Activity — Word for word, repeat all the entries below, but without the pictures.

===== Provided material

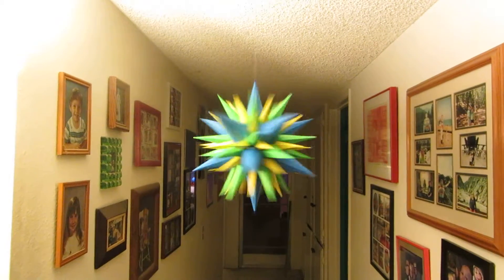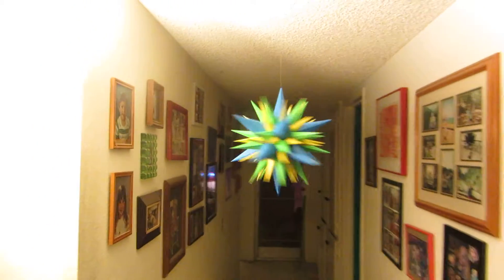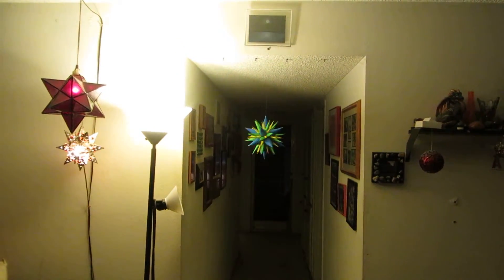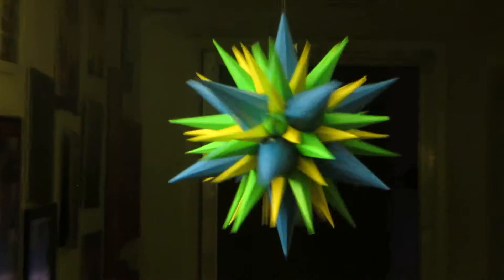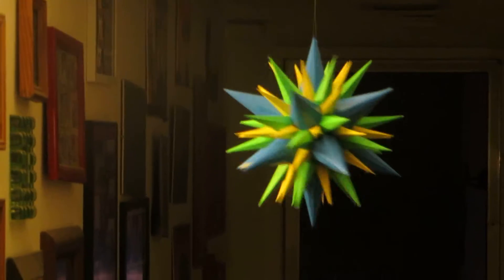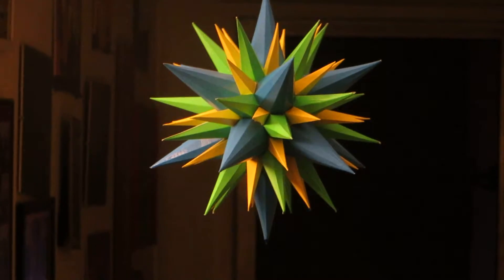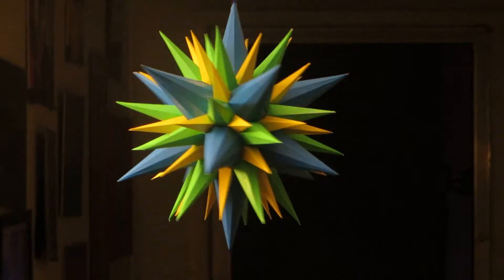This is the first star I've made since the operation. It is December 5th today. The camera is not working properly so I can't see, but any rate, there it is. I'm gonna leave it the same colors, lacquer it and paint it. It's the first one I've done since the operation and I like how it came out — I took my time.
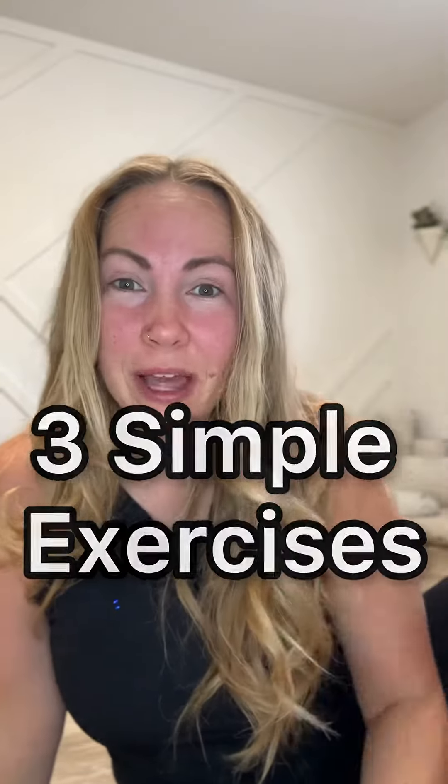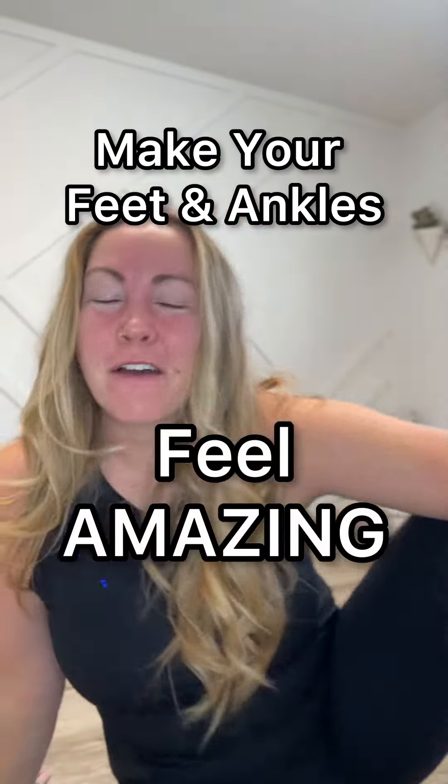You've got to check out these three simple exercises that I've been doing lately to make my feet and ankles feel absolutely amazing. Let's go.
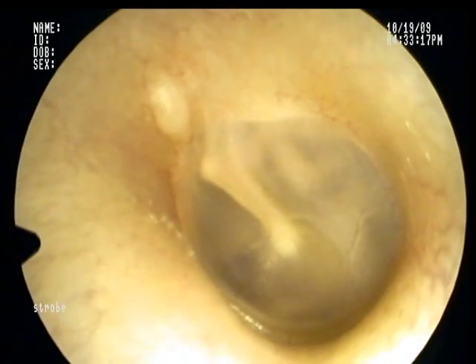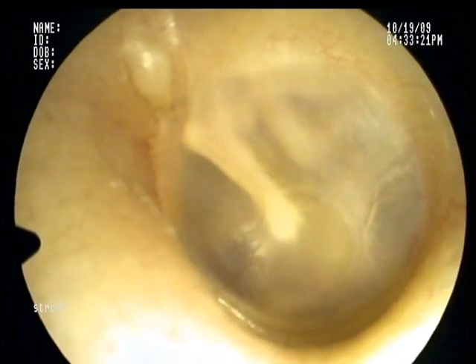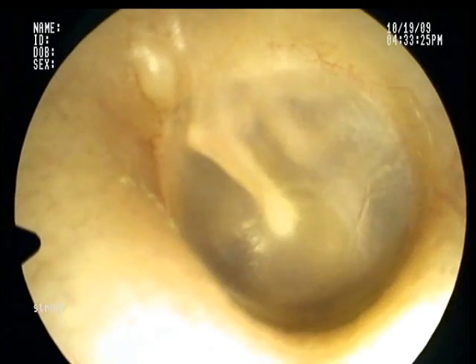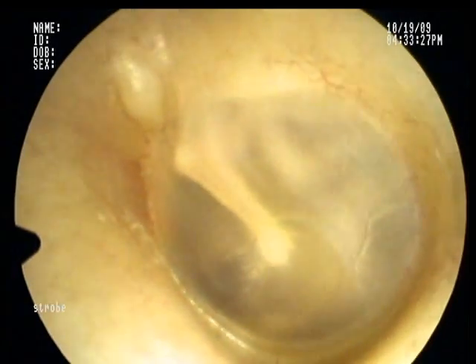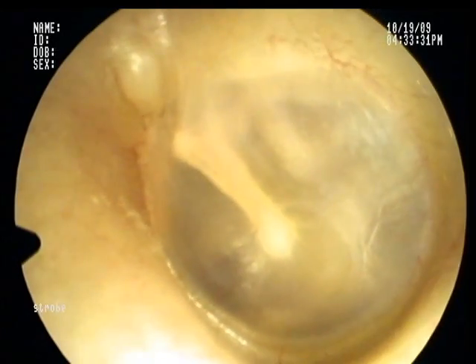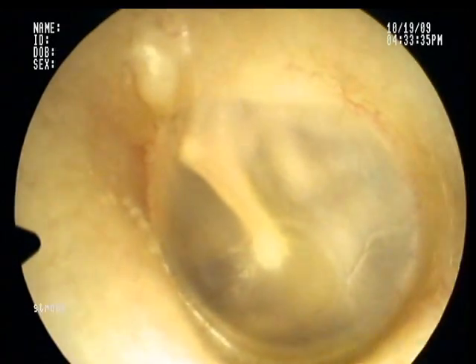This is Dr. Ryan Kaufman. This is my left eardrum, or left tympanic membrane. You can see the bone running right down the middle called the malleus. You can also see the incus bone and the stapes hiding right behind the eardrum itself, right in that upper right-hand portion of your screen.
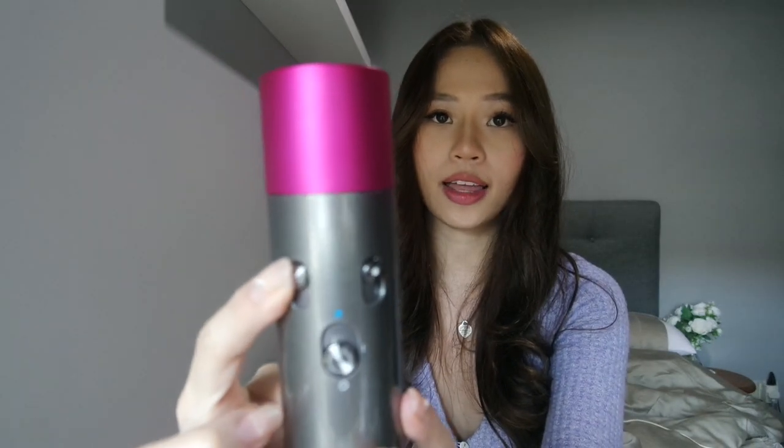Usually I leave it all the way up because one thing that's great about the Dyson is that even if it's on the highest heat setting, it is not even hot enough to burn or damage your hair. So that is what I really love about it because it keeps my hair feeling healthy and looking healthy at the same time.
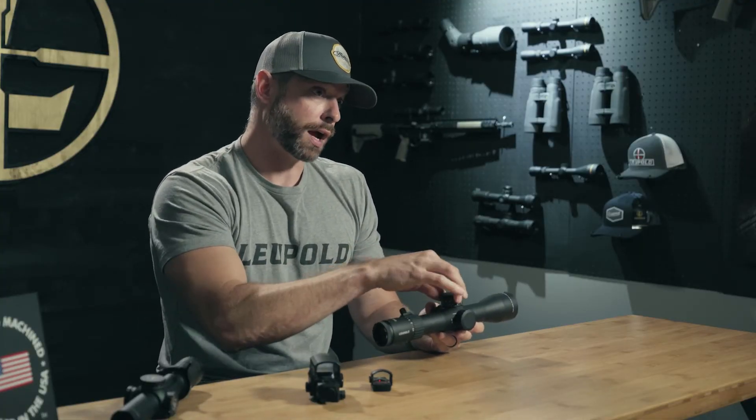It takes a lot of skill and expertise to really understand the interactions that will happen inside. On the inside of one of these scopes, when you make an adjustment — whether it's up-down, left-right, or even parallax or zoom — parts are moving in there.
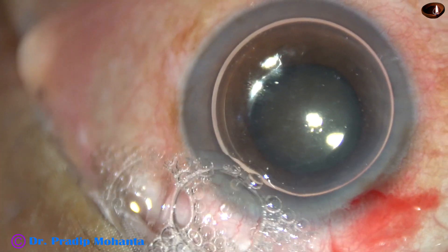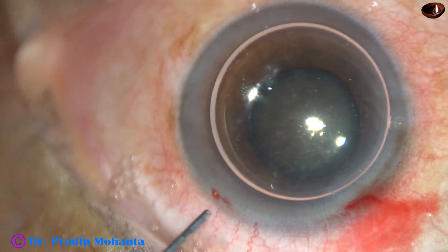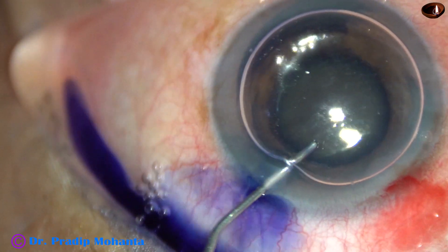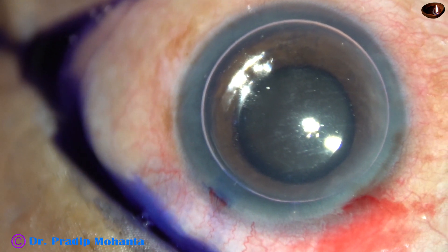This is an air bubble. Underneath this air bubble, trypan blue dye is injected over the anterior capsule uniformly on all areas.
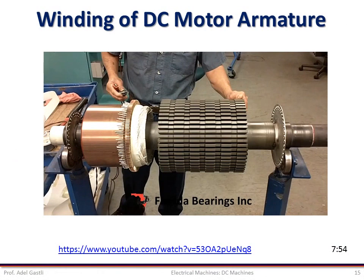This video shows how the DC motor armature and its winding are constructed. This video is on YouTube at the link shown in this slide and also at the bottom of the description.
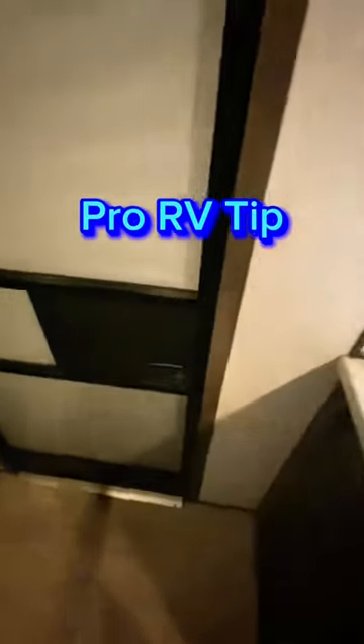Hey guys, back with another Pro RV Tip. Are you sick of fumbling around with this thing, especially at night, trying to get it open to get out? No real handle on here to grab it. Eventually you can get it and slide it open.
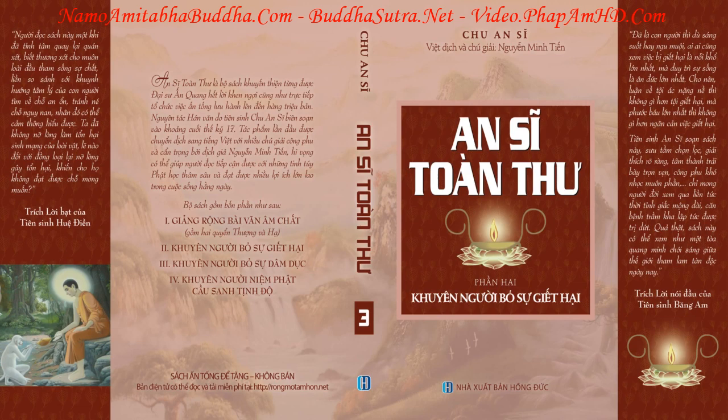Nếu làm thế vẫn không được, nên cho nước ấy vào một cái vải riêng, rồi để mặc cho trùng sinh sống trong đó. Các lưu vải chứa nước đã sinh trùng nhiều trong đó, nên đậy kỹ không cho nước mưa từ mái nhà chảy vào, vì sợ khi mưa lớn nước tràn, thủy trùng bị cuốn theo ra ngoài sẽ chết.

==========

Solution —
This is the first star I've made since the operation. It is December 5th today. The camera is not working properly so I can't see, but any rate, there it is. I'm gonna leave it the same colors, lacquer it and paint it. It's the first one I've done since the operation and I like how it came out — I took my time.
You've got to check out these three simple exercises that I've been doing lately to make my feet and ankles feel absolutely amazing. Let's go.
This is Dr. Ryan Kaufman. This is my left eardrum, or left tympanic membrane. You can see the bone running right down the middle called the malleus. You can also see the incus bone and the stapes hiding right behind the eardrum itself, right in that upper right-hand portion of your screen.
Usually I leave it all the way up because one thing that's great about the Dyson is that even if it's on the highest heat setting, it is not even hot enough to burn or damage your hair. So that is what I really love about it because it keeps my hair feeling healthy and looking healthy at the same time.
It takes a lot of skill and expertise to really understand the interactions that will happen inside. On the inside of one of these scopes, when you make an adjustment — whether it's up-down, left-right, or even parallax or zoom — parts are moving in there.
This is an air bubble. Underneath this air bubble, trypan blue dye is injected over the anterior capsule uniformly on all areas.
This video shows how the DC motor armature and its winding are constructed. This video is on YouTube at the link shown in this slide and also at the bottom of the description.
Hey guys, back with another Pro RV Tip. Are you sick of fumbling around with this thing, especially at night, trying to get it open to get out? No real handle on here to grab it. Eventually you can get it and slide it open.
Nếu làm thế vẫn không được, nên cho nước ấy vào một cái vải riêng, rồi để mặc cho trùng sinh sống trong đó. Các lưu vải chứa nước đã sinh trùng nhiều trong đó, nên đậy kỹ không cho nước mưa từ mái nhà chảy vào, vì sợ khi mưa lớn nước tràn, thủy trùng bị cuốn theo ra ngoài sẽ chết.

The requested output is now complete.